One Web site says the key to eating less doesn't require carrying around a notebook or pushing yourself away from the table. All you have to do is eat more slowly.

HealthAssist.net actually says that there are several reasons to take your time.

The site says that eating slowly means eating less because it takes the brain 15 to 20 minutes to start signaling that your stomach is full.

The Longevity guide on About.com says that the average meal in the U.S. lasts just 11 minutes.
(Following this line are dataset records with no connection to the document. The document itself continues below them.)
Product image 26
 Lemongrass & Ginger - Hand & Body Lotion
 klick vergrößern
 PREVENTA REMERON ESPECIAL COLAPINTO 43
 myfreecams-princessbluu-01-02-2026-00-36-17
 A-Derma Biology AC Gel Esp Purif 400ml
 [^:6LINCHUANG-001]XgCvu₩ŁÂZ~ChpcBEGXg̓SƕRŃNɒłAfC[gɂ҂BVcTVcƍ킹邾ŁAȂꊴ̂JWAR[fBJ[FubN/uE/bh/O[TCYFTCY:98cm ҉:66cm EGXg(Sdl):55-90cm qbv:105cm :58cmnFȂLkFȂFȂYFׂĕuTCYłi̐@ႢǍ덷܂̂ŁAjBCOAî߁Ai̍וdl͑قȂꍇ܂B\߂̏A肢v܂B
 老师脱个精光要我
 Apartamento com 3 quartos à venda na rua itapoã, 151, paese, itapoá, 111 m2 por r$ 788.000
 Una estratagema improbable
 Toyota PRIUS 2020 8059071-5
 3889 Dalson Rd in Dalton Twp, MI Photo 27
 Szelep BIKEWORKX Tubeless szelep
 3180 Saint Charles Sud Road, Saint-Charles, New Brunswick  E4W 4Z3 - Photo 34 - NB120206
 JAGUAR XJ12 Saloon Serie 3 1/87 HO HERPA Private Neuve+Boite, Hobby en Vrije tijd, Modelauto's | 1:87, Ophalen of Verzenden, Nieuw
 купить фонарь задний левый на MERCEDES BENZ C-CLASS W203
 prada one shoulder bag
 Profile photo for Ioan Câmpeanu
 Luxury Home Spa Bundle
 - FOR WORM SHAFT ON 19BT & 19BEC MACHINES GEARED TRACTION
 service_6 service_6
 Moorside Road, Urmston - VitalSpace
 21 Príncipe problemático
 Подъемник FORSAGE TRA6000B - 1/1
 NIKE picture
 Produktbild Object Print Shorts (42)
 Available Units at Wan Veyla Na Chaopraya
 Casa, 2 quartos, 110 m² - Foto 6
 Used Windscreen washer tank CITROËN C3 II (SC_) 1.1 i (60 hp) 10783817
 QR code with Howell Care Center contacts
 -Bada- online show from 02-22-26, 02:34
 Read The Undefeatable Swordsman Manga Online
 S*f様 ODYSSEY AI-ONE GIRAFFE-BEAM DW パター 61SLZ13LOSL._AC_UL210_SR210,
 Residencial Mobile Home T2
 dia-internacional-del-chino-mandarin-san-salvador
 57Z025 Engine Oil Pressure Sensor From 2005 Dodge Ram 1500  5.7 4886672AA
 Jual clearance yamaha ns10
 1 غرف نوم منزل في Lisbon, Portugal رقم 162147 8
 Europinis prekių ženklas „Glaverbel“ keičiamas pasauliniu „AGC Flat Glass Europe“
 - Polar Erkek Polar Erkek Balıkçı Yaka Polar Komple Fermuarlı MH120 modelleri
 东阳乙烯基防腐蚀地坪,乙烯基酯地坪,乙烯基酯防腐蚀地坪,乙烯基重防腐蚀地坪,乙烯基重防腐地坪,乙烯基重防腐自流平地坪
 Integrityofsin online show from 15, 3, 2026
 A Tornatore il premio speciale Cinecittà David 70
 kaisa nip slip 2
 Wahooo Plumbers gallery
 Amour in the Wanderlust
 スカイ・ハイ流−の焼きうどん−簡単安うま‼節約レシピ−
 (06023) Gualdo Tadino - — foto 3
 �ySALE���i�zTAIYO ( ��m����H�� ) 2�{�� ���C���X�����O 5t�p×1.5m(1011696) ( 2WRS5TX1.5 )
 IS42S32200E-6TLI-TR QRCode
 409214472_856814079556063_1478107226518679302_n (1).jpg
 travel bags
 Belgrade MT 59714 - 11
But if you slow down while sitting in front of the same size portion as usual, you may not eat the last bits because your brain will get the message that you don't need more fuel. Eating less, of course, can lead to weight loss.

Basically, eating fast lets you eat too much before you're aware of it, HealthAssist said.

And SilverPlanet.com said that, in a study, people in a fast-eating group averaged 646 calories during a meal, compared to 579 calories in a slower group.

Other Benefits

About.com also says that when you eat slowly, you taste your food more. You can socialize with those you dine with and enjoy the flavors and textures of your meal.

That will lead you to choose better, more natural, healthier food, the site says, because mass-produced food loses flavor after just a few bites.

HealthAssist also says that if food spends more time in the mouth, it digests better as saliva breaks it down. That means that, further down the line, you can metabolize food more easily.

Better Health

Besides the benefits that come from weight loss and choosing more nutritious food -- such as losing weight or lowering blood pressure -- the site says that a Japanese study found that eating fast was linked to insulin resistance, one of the signs of diabetes.

Besides that, rapid eating may cause acid reflux and the pain of heartburn.

Even if you don't see huge benefits when you stop shoveling food into your mouth, several sites point out, you know one thing: slowing down won't cause any harm.